[Given information — start]

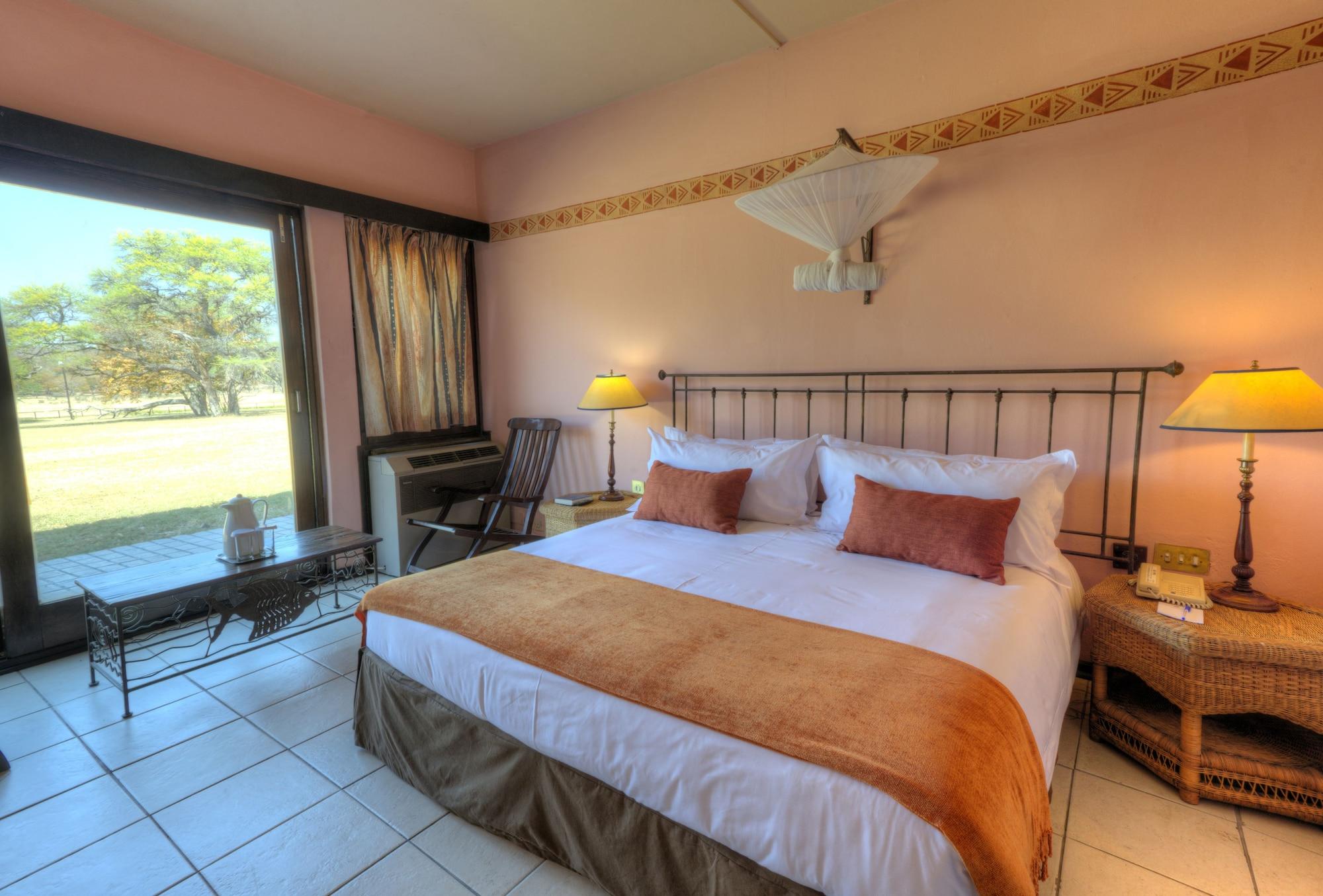 Hwange Safari Lodge Dete Kültér fotó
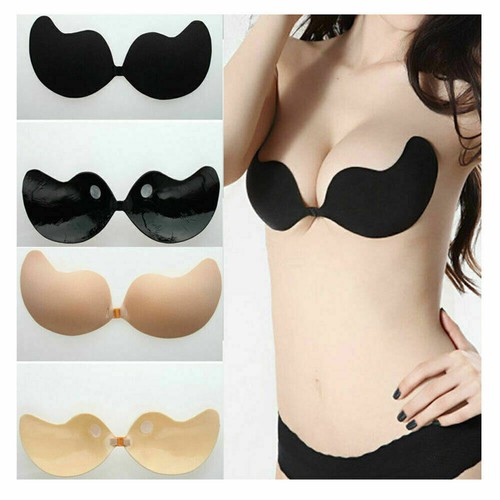 Backless bra women silicone - backless,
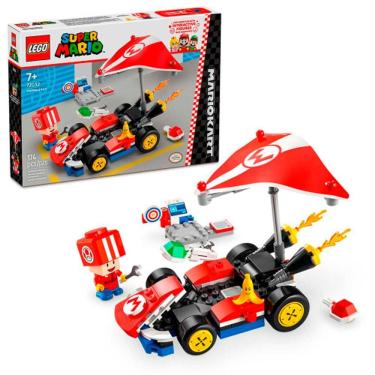 Imagem de LEGO Super Mario Kart Padrão 174 Peças 72032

[Given information — finish]

What the task requires:
Starting with the line that contains "Backless bra women", reproduce every line to the end of the material above, both end lines included, exactly and with no pictures.

Solution to this task:
 Backless bra women silicone - backless,
 Imagem de LEGO Super Mario Kart Padrão 174 Peças 72032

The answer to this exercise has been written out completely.